Data for review

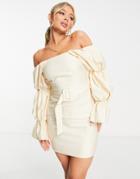 Asos Luxe Stretch Linen Belted Extreme Sleeve Dress In Stone-neutral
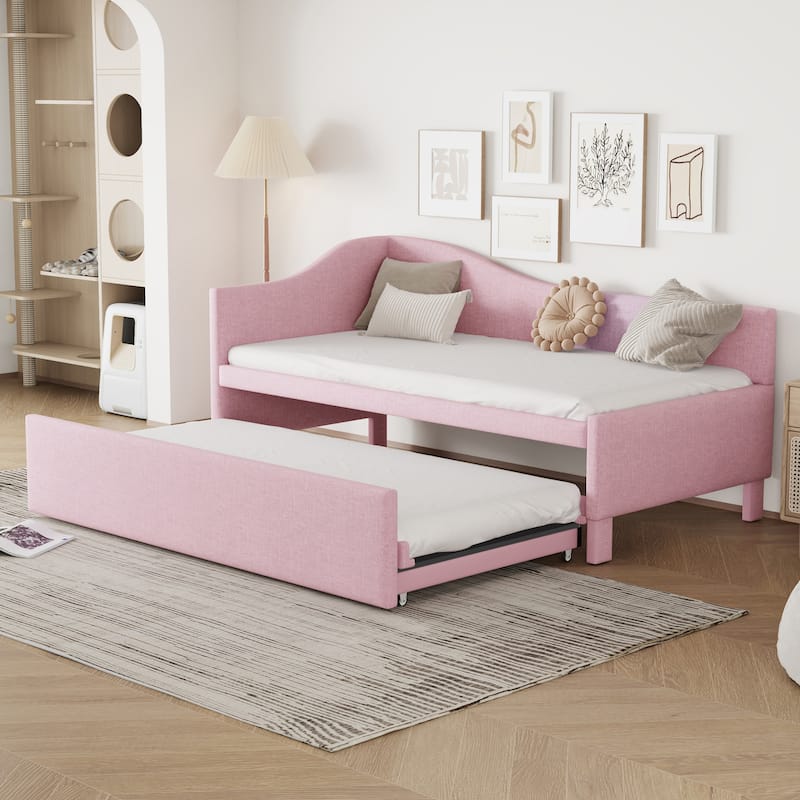 L-Shaped Daybed Twin To King Upholstered Daybed with Pop Up Trundle Linen & Wood Bed Frame for for Youth Teens or Adults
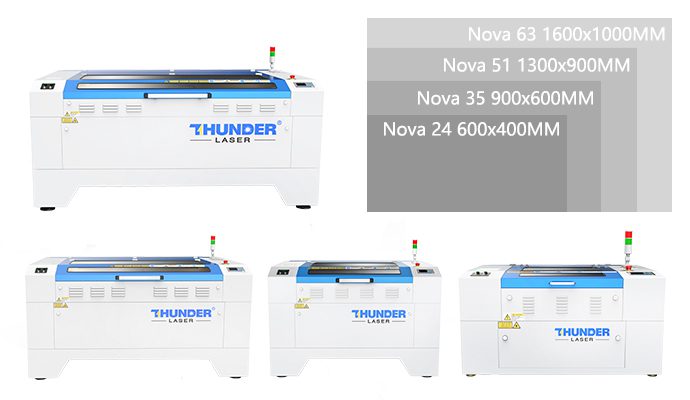 Nova laser cutter machine product image showing different sizes of beds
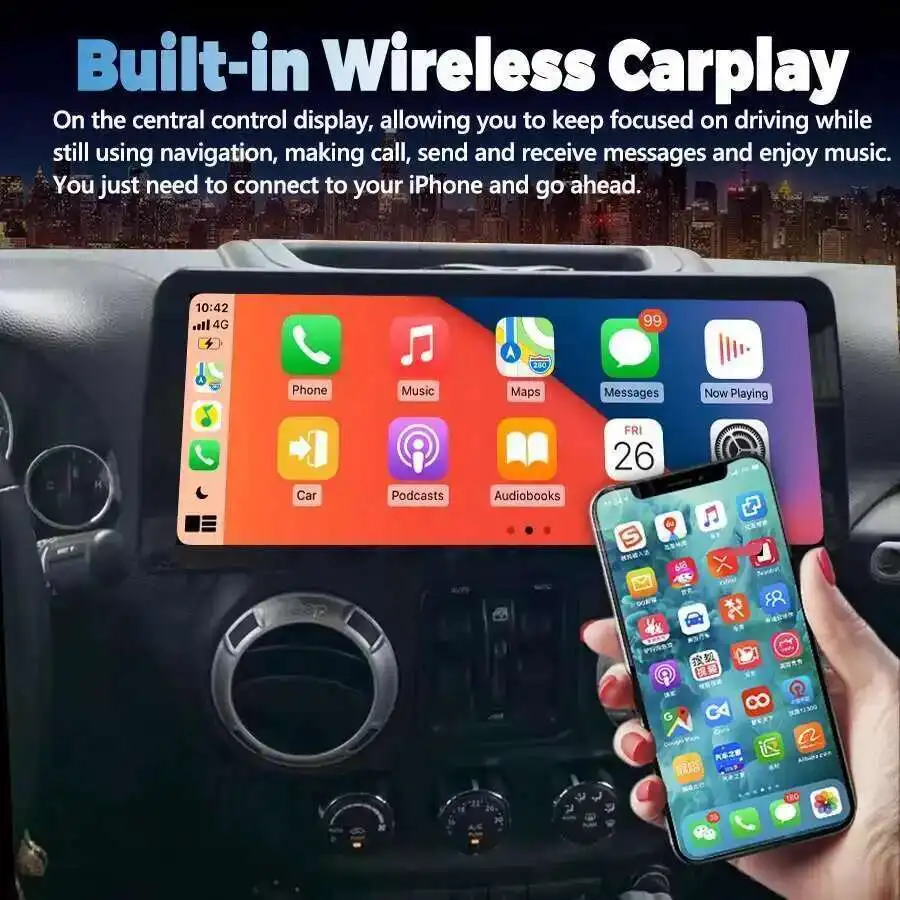 12.3 بوصة راديو السيارة اللاسلكي carplay أندرويد 14 لسيارة جيب رانجلر 3 JK 2010-2018 مشغل فيديو الوسائط المتعددة التلقائي WIFI DSP وحدة الرأس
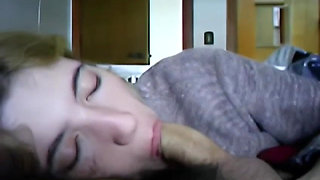 Young Blonde with Sucks Cock with Love and Gets a Cumshot in the End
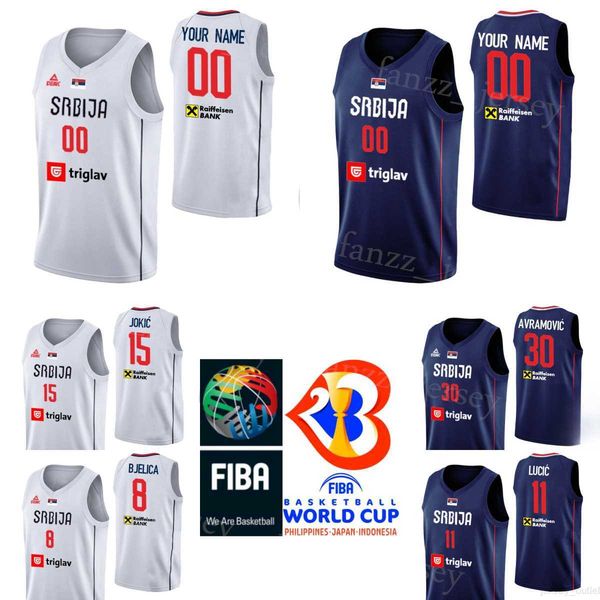 

print serbia 2023 world cup basketball srbija jerseys 3 filip petrusev 14 dusan ristic 19 luka mitrovic 23 marko guduric 30 aleksa avramovic, Black;red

What to produce
Would you print exactly the lines in the listing above, from the line bearing "L-Shaped Daybed Twin" through the line bearing "12.3 بوصة راديو", leaving out all pictures?

Completed exercise
 L-Shaped Daybed Twin To King Upholstered Daybed with Pop Up Trundle Linen & Wood Bed Frame for for Youth Teens or Adults
 Nova laser cutter machine product image showing different sizes of beds
 12.3 بوصة راديو السيارة اللاسلكي carplay أندرويد 14 لسيارة جيب رانجلر 3 JK 2010-2018 مشغل فيديو الوسائط المتعددة التلقائي WIFI DSP وحدة الرأس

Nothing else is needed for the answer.